Review: Monochromie - Enlighten Yourself While You Sleep
The chords of “A Cold Sunset” surge into the air like chimney smoke, suddenly released from strict shape and yet still bearing the remnants of form; songs caught in the act of illustrious blossom, spilling over the lines yet still driven upward by their own glorious, optimistic intent. What would otherwise be serene, pale-shaded drapes are gifted grit and attack by the distortion that rubs up against the record’s more ambient tendencies – the immaculately glacial becomes a web of cracked ice and dizzying light patterns, instilling each piece with an imperfection that lures me into an implied drama and history, emblazoned on each texture as an inevitable, time-induced decay.

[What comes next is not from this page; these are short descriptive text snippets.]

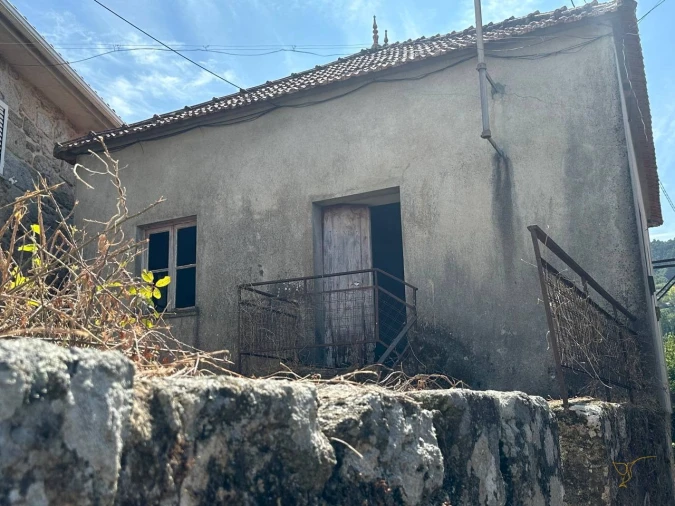 Moradia T3 para Venda em Chaviães e Paços Foto 4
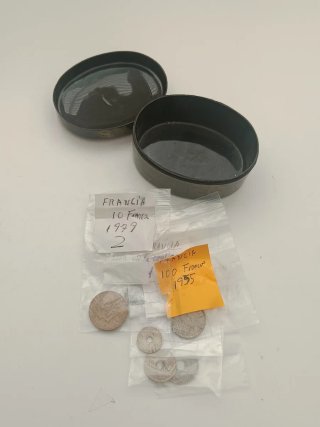 Caja de madera decorada con ositos y monedas franc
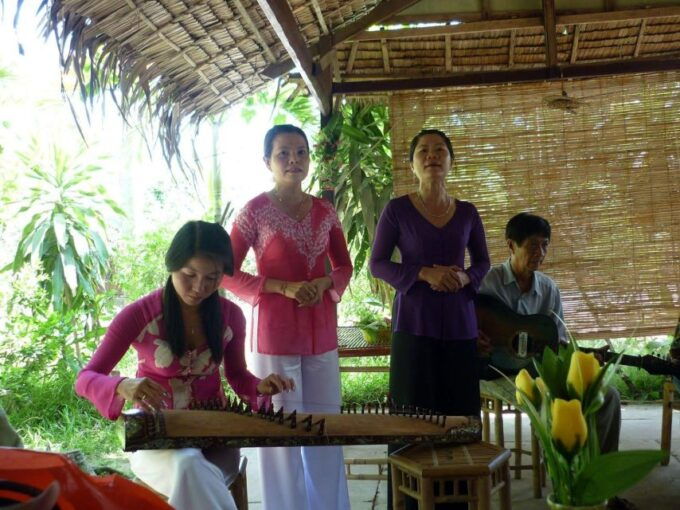 Cai Rang Floating Market and Mekong Delta 1 Day - Soaking Up Mekong Delta Atmosphere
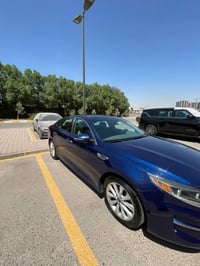 كيا اوبتما  2017 Ex للبيع فقط بدون مراوس   السيارة وارد امريكي كلين تا...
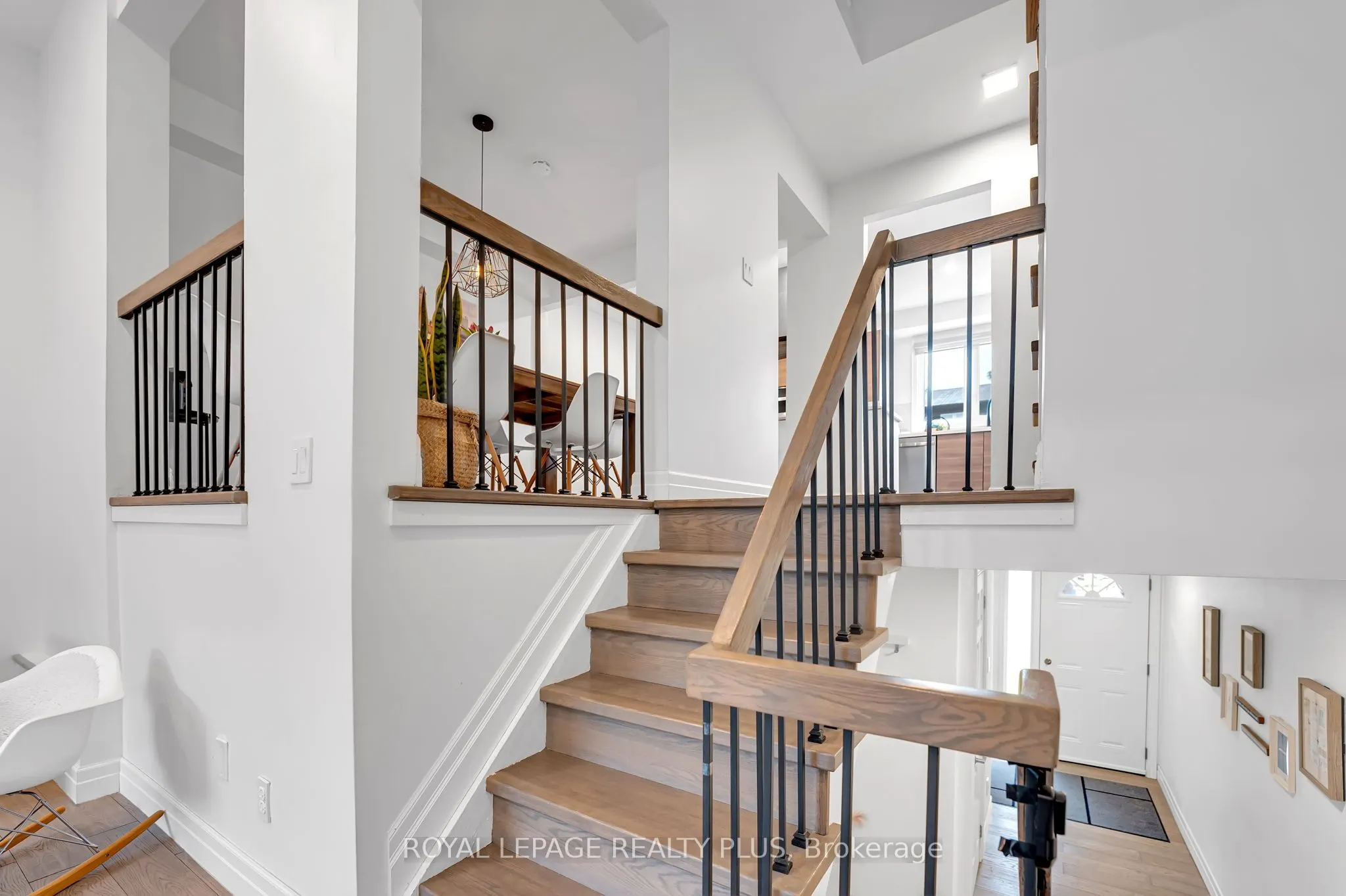 1755 Rathburn Road E #20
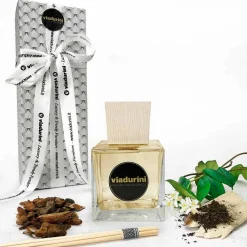 Viadurini Home Fragrance Keep Calm-Raumduft Oud Wood 500 ml mit Stäbchen - Ventodisardegna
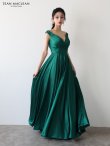 グリーン　モデル：まおちゃる　身長：158cm　着用サイズ：Mサイズ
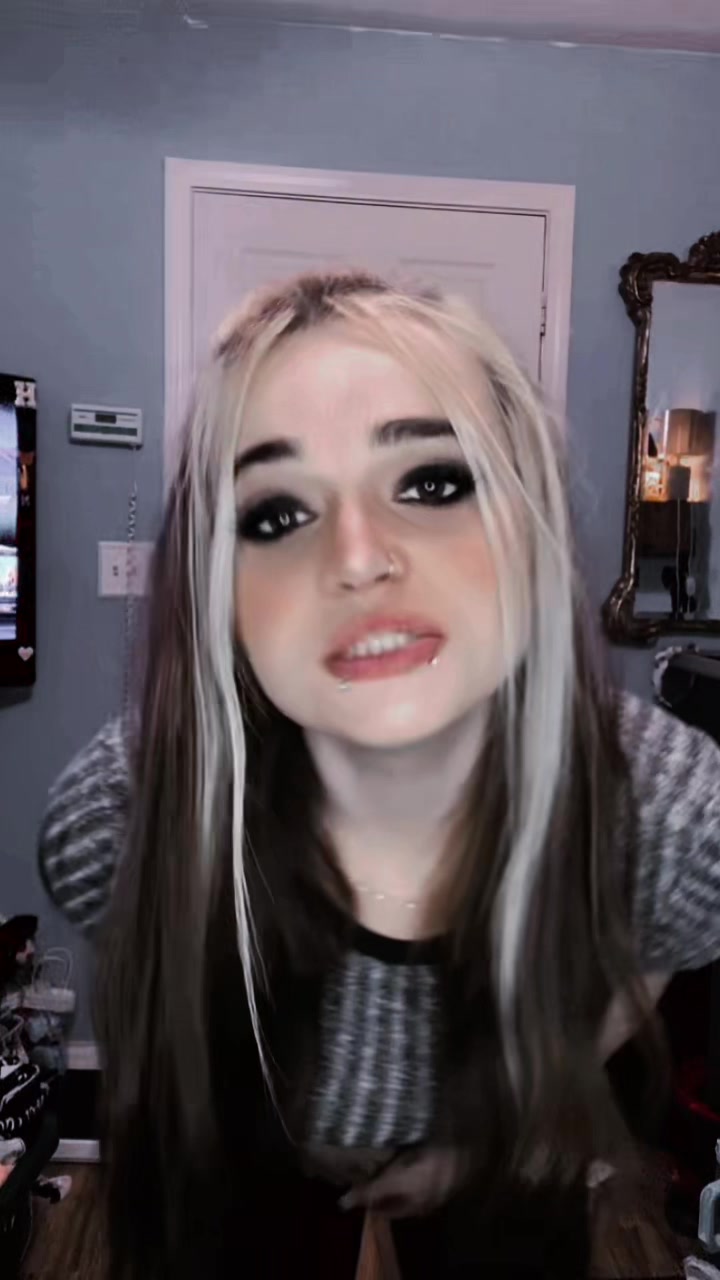 @Haley_420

I am reminded of Ben Frost and Tim Hecker for the music’s tension and juggling of opposing forces – the utilisation of an ambient core to explore restrictions of movement and fizzy chemical reactions rather than just reclining into unimpeded liberations of harmony and space. It’s symphonic, orchestral – intricate for the various melodic cogs that comprise each gesture, yet stifled by Monochromie’s noisier inclinations, like rays of sunlight filtering intermittently through the hairline fractures in storm clouds (and often vice versa). There is a visceral connection here – hands clutching at my shoulders – yet a certain spiritual lure, too. It’s difficult to describe.